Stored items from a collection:

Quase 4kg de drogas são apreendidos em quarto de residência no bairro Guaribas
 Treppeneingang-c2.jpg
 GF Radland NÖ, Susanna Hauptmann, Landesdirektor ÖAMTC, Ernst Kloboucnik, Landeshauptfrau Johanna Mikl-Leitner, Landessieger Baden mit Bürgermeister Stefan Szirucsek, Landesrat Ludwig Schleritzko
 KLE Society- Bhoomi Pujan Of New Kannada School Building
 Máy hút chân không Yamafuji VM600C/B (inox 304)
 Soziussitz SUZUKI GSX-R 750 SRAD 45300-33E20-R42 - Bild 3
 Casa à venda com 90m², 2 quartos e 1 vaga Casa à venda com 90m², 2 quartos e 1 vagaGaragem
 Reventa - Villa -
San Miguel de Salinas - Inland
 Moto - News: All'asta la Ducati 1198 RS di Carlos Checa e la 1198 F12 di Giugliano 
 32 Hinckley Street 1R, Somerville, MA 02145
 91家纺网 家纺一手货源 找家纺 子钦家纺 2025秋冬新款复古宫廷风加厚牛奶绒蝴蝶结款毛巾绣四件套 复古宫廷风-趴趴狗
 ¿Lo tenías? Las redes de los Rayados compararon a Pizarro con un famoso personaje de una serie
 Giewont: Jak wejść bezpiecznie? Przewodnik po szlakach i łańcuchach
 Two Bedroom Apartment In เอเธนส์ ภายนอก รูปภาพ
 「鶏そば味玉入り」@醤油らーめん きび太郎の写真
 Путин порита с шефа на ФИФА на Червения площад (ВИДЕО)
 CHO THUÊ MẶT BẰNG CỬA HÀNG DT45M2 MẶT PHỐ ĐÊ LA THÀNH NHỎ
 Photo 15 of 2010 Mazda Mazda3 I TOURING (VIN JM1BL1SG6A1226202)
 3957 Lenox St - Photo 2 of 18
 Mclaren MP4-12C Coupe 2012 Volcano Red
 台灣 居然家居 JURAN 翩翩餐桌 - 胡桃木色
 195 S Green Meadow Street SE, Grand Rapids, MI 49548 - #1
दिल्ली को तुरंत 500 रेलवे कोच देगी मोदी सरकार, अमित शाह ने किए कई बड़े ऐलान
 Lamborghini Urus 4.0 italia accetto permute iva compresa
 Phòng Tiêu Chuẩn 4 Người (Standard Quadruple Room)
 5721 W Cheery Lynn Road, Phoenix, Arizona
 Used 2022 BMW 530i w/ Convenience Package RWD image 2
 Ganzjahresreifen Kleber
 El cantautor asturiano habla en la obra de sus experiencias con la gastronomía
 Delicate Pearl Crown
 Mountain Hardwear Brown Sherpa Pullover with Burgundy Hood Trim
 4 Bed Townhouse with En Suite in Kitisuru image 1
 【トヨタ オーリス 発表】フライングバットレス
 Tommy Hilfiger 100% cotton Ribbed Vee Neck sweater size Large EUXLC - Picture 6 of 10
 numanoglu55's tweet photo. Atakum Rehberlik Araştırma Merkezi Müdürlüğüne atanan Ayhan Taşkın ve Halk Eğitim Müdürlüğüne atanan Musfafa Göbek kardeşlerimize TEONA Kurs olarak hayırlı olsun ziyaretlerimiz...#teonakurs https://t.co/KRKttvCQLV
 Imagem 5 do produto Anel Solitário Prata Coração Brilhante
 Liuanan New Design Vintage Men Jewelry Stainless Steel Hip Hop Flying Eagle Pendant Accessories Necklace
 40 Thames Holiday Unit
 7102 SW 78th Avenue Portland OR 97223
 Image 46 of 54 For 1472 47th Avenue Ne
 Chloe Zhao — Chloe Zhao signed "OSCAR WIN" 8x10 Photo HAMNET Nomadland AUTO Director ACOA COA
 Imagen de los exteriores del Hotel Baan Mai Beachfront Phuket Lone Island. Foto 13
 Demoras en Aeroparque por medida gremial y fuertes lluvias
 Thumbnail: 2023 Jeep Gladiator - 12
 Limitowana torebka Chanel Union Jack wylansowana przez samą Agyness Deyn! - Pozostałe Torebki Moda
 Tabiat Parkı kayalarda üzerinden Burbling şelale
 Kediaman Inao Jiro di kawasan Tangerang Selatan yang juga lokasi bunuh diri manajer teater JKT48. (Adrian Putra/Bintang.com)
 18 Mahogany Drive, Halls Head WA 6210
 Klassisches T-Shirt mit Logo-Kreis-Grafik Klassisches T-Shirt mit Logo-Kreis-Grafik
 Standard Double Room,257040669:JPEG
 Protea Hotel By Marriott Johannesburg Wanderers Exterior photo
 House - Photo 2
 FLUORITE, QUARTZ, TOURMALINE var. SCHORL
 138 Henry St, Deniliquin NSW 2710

How to complete this task: Each record shown above must be printed once more, exactly.

Result:
Quase 4kg de drogas são apreendidos em quarto de residência no bairro Guaribas
 Treppeneingang-c2.jpg
 GF Radland NÖ, Susanna Hauptmann, Landesdirektor ÖAMTC, Ernst Kloboucnik, Landeshauptfrau Johanna Mikl-Leitner, Landessieger Baden mit Bürgermeister Stefan Szirucsek, Landesrat Ludwig Schleritzko
 KLE Society- Bhoomi Pujan Of New Kannada School Building
 Máy hút chân không Yamafuji VM600C/B (inox 304)
 Soziussitz SUZUKI GSX-R 750 SRAD 45300-33E20-R42 - Bild 3
 Casa à venda com 90m², 2 quartos e 1 vaga Casa à venda com 90m², 2 quartos e 1 vagaGaragem
 Reventa - Villa -
San Miguel de Salinas - Inland
 Moto - News: All'asta la Ducati 1198 RS di Carlos Checa e la 1198 F12 di Giugliano 
 32 Hinckley Street 1R, Somerville, MA 02145
 91家纺网 家纺一手货源 找家纺 子钦家纺 2025秋冬新款复古宫廷风加厚牛奶绒蝴蝶结款毛巾绣四件套 复古宫廷风-趴趴狗
 ¿Lo tenías? Las redes de los Rayados compararon a Pizarro con un famoso personaje de una serie
 Giewont: Jak wejść bezpiecznie? Przewodnik po szlakach i łańcuchach
 Two Bedroom Apartment In เอเธนส์ ภายนอก รูปภาพ
 「鶏そば味玉入り」@醤油らーめん きび太郎の写真
 Путин порита с шефа на ФИФА на Червения площад (ВИДЕО)
 CHO THUÊ MẶT BẰNG CỬA HÀNG DT45M2 MẶT PHỐ ĐÊ LA THÀNH NHỎ
 Photo 15 of 2010 Mazda Mazda3 I TOURING (VIN JM1BL1SG6A1226202)
 3957 Lenox St - Photo 2 of 18
 Mclaren MP4-12C Coupe 2012 Volcano Red
 台灣 居然家居 JURAN 翩翩餐桌 - 胡桃木色
 195 S Green Meadow Street SE, Grand Rapids, MI 49548 - #1
दिल्ली को तुरंत 500 रेलवे कोच देगी मोदी सरकार, अमित शाह ने किए कई बड़े ऐलान
 Lamborghini Urus 4.0 italia accetto permute iva compresa
 Phòng Tiêu Chuẩn 4 Người (Standard Quadruple Room)
 5721 W Cheery Lynn Road, Phoenix, Arizona
 Used 2022 BMW 530i w/ Convenience Package RWD image 2
 Ganzjahresreifen Kleber
 El cantautor asturiano habla en la obra de sus experiencias con la gastronomía
 Delicate Pearl Crown
 Mountain Hardwear Brown Sherpa Pullover with Burgundy Hood Trim
 4 Bed Townhouse with En Suite in Kitisuru image 1
 【トヨタ オーリス 発表】フライングバットレス
 Tommy Hilfiger 100% cotton Ribbed Vee Neck sweater size Large EUXLC - Picture 6 of 10
 numanoglu55's tweet photo. Atakum Rehberlik Araştırma Merkezi Müdürlüğüne atanan Ayhan Taşkın ve Halk Eğitim Müdürlüğüne atanan Musfafa Göbek kardeşlerimize TEONA Kurs olarak hayırlı olsun ziyaretlerimiz...#teonakurs https://t.co/KRKttvCQLV
 Imagem 5 do produto Anel Solitário Prata Coração Brilhante
 Liuanan New Design Vintage Men Jewelry Stainless Steel Hip Hop Flying Eagle Pendant Accessories Necklace
 40 Thames Holiday Unit
 7102 SW 78th Avenue Portland OR 97223
 Image 46 of 54 For 1472 47th Avenue Ne
 Chloe Zhao — Chloe Zhao signed "OSCAR WIN" 8x10 Photo HAMNET Nomadland AUTO Director ACOA COA
 Imagen de los exteriores del Hotel Baan Mai Beachfront Phuket Lone Island. Foto 13
 Demoras en Aeroparque por medida gremial y fuertes lluvias
 Thumbnail: 2023 Jeep Gladiator - 12
 Limitowana torebka Chanel Union Jack wylansowana przez samą Agyness Deyn! - Pozostałe Torebki Moda
 Tabiat Parkı kayalarda üzerinden Burbling şelale
 Kediaman Inao Jiro di kawasan Tangerang Selatan yang juga lokasi bunuh diri manajer teater JKT48. (Adrian Putra/Bintang.com)
 18 Mahogany Drive, Halls Head WA 6210
 Klassisches T-Shirt mit Logo-Kreis-Grafik Klassisches T-Shirt mit Logo-Kreis-Grafik
 Standard Double Room,257040669:JPEG
 Protea Hotel By Marriott Johannesburg Wanderers Exterior photo
 House - Photo 2
 FLUORITE, QUARTZ, TOURMALINE var. SCHORL
 138 Henry St, Deniliquin NSW 2710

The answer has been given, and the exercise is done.